Day 211: Paxos Fundamentals: Single-Decree Consensus
Single-decree Paxos is not a ritual of extra messages. It is a safety device: every new attempt to choose a value must first learn enough history that it cannot accidentally choose a conflicting one.
Today's "Aha!" Moment
Paxos often feels harder than it is because people first see the message names, prepare, promise, accept, before they see the fear driving them. The fear is simple:
- what if one proposer almost got a value chosen
- then another proposer appears later
- and, without realizing what already happened, chooses a different value?
If that were allowed, safety would be gone.
That is the aha for single-decree Paxos.

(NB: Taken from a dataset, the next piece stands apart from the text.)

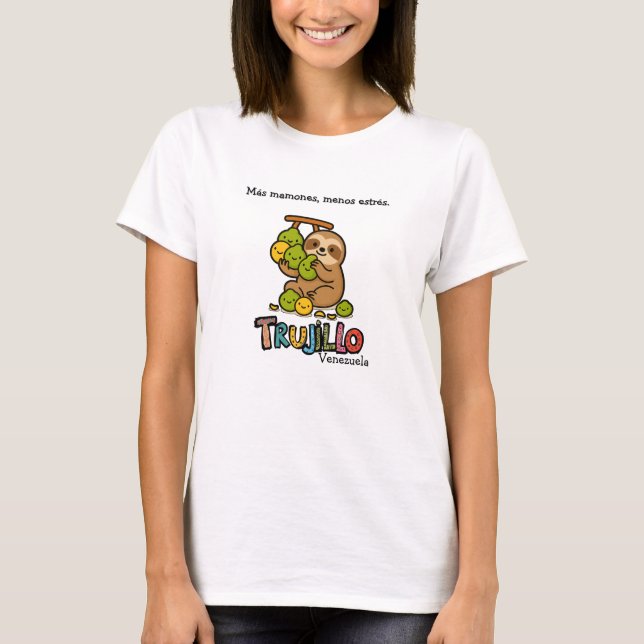 Camiseta Trujillo Venezuela | Diseño divertido Venezolano (Anverso)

The protocol is built around one central rule:
- any later attempt to decide a value must inherit enough information from earlier attempts that a conflicting value cannot be chosen
Once we see Paxos through that lens, the phases stop looking ceremonial.
preparesays: "before I try to lead, tell me whether a higher-priority attempt already left history I must respect"promisesays: "I will not help older proposals after hearing this newer ballot"acceptsays: "given what we now know, here is the value we are trying to get chosen"
In other words, Paxos is really a protocol for transferring the obligation to respect history from one leader attempt to the next.
Why This Matters
Suppose three replicas are trying to agree on one configuration value. Proposer P1 gets partway through choosing value A, but some messages are delayed. Then proposer P2 wakes up later and tries to choose B.
If P2 could ignore the partial history of A, the system might end up with two overlapping quorums supporting different outcomes. That is exactly the kind of split decision consensus exists to prevent.
Paxos matters because it solves that problem without assuming perfect failure detection or perfect timing. It preserves safety even when:
- messages are delayed
- proposers race
- leaders are suspected incorrectly
- nodes crash and recover
The price is that the protocol is built for correctness first, not immediate readability. If we do not understand the safety idea underneath, the message flow can feel arbitrary. If we do understand it, Paxos becomes a very crisp answer to the question:
- how do later proposal attempts avoid breaking decisions that earlier attempts may already have constrained?
That is also why this lesson is important before Multi-Paxos and Raft. If the learner misses the single-decree safety story, the optimized protocols will look like magic performance hacks instead of principled simplifications.
Learning Objectives
By the end of this session, you will be able to:
- Explain what single-decree Paxos is trying to protect - Describe why later proposal attempts must learn the highest accepted history from intersecting quorums.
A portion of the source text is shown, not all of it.